MM: Sehr geehrte Frau Krienen. Wenn man das liest, was andere über Sie schreiben, dann sind Sie nicht nur von einem männlichen Körper in einen weiblichen Gewechselt sondern auch von einer Kommunistin zur Anhängerin von George Bush. Wollen Sie bei Letzterem Herrn Schily übertreffen?

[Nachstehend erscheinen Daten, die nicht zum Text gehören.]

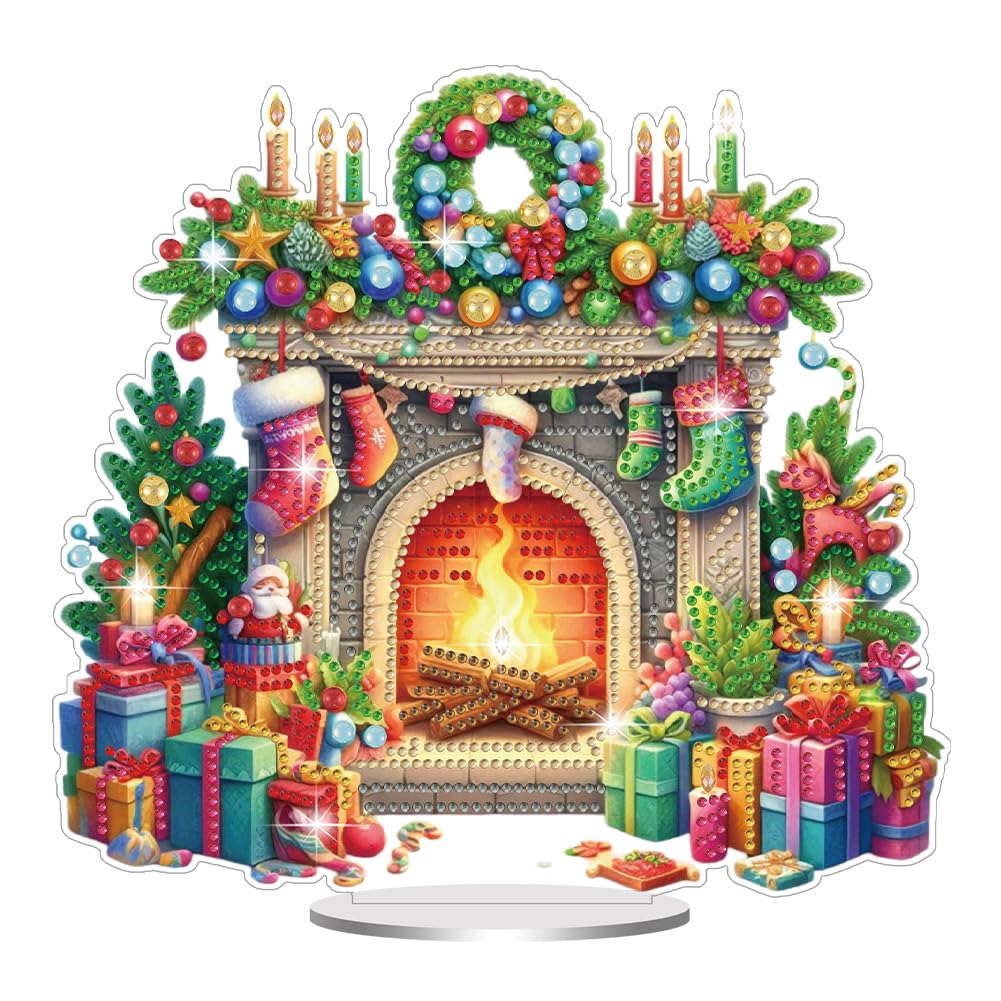 SPEPROECO Christmas Diamond Art Kits Table Ornaments, 5D Diamond Art Christmas Desktop Ornaments Crystal Art Decor for Adult Kid, DIY Craft Santa Christmas Tree Desk Decoration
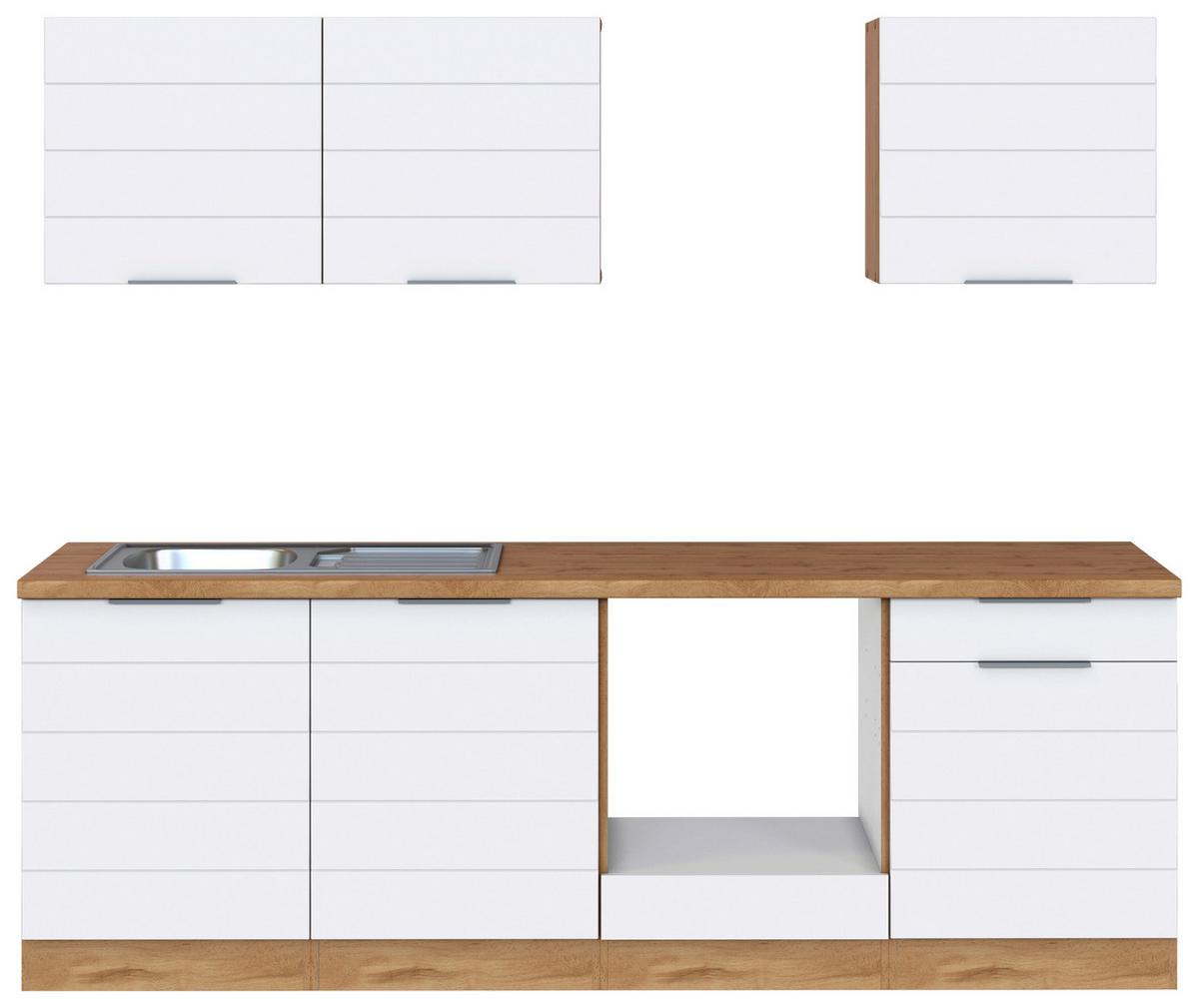 Küchenblock Florenz ohne Geräte ca. 240 cm Weiß/Eiche - Eiche Wotan/Weiß, Design, Holzwerkstoff/Metall (240cm) - Held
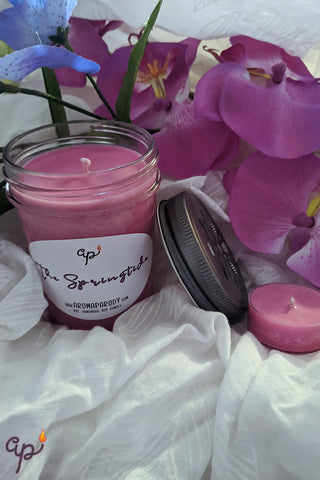 The Springtide -- Hyacinth & Pomegranate -- 8 oz. Handmade Soy Candle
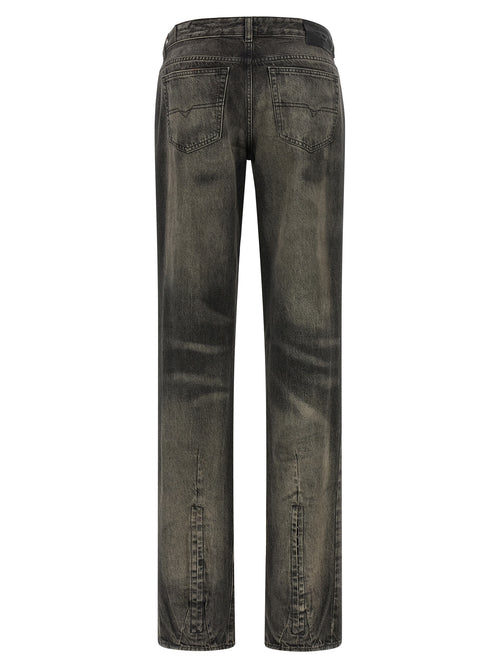 Diesel Black Cotton Straight-Leg Jeans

Krienen: Jeder der öffentlich wirkt, muss damit rechnen, dass andere über ihn schreiben, doch davon ist - nicht nur in meinem Fall - der größte Teil falsch. So habe ich mich z.B. in der Kernzeit meiner politischen Tätigkeit nicht als Kommunistin, sondern als "Demokratische Sozialistin" gesehen. Schon als solche war ich aber nie eine Pazifistin und habe aus dieser Position gegen Linke polemisiert, die jeden Konflikt ausschließlich "friedlich" austragen wollen und dabei völlig in Gegensatz zu ihrer eigenen Lehre gerieten. Dies empfand ich als heuchlerisch. Ich lebe aber nicht in den USA und kann somit nicht abschließend entscheiden, für wen ich mich dort als Bürgerin engagieren würde. Derzeit ist es wohl gut, dass die Demokraten Einfluss gewinnen und der Kurs im Irak geändert wird.

Zu Ihrer Eingangsbemerkung: Mein Körper an sich war immer feminin, daran hat sich nichts geändert. Wohl aber notwendigerweise an den Geschlechtsmerkmalen.

MM: In einer Ihrer frühern Ausgaben von Campo de Criptana haben Sie - um es vorsichtig auszudrücken - extrem "islamkritische" Texte veröffentlicht. Heute stehen Sie nicht mehr dazu. Wie kam es zu der Weiterentwicklung?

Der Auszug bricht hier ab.